The owners, the Laheis heirs, listed the property at $900,000, McHugh said. The county expects to offer less than that, Wyatt told the commissioners.
“They haven’t used the property in probably 20, 30 years. They put in on the market probably about a year ago and nobody but nobody had nibbled according to what I heard,” McHugh said.
Buying the land would not be the end of the process. A firing range is permitted with a special-use permit under the county’s land-use code, meaning it would need the OK of the Zoning Board of Adjustment. John McHugh said the facility would contain government offices, a use he said is prohibited in the land’s R-3 zoning.
Tom McHugh, 72, said his message to commissioners would be, “Back off.”
“We’re not even sure the county commissioners know much about it all,” he said. “We suspect the county manager and the sheriff are trying to do something to try to help the sheriff get re-elected.”
“There’s no need for it in the first place. Why does Henderson County need their own training facility? Buncombe County’s got a brand new one,” he said. “They’ll be glad to share it for a small fee. In Shelby there’s a statewide one vacant waiting for people to make reservations less than an hour away. And in Georgia there’s a federal range, which is done by reservation. It makes no sense. Why should Henderson County pay for it?”

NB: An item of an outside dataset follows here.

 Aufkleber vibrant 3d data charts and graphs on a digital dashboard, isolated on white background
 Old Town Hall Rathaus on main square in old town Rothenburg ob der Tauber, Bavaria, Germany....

In a statement last week praising the commissioners for their support, McDonald reiterated his reasons for the facility.

"It has always been my intention to have an outdoor facility that would allow more training opportunities as well as an indoor force options building that would allow ongoing and realistic training for deputies responding to crisis events," he said. "Recent incidents across our nation have only served to underscore the necessity of such training. We ask these men and women to respond to incredibly complex emergencies, exercising flawless critical problem-solving skills, when in many instances we have failed to properly prepare them. As your Sheriff I have, and always will, make every effort to provide the best possible training for all my personnel and I will do so with an eye toward the future as well as the present."

McDonald and Will Buie, a consulting engineer who would design the site plan for the project, are scheduled to meet with neighbors at the site, 2823 Macedonia Road, at 10 a.m. Saturday.

"This potential project is still in the study phase, as the county is taking all steps to ensure that the chosen location is indeed the most appropriate site for this training facility," said a letter to property owners signed by County Engineer Marcus Jones.
John McHugh sent an email to sheriff’s candidate Lowell Griffin, whose response, he said, was that the renewed effort to site the training center looked like “'an attempt to try to take the heat off the sheriff by getting this done' and that could very well be. They took a lot of heat over that $20 million-plus thing at the community college."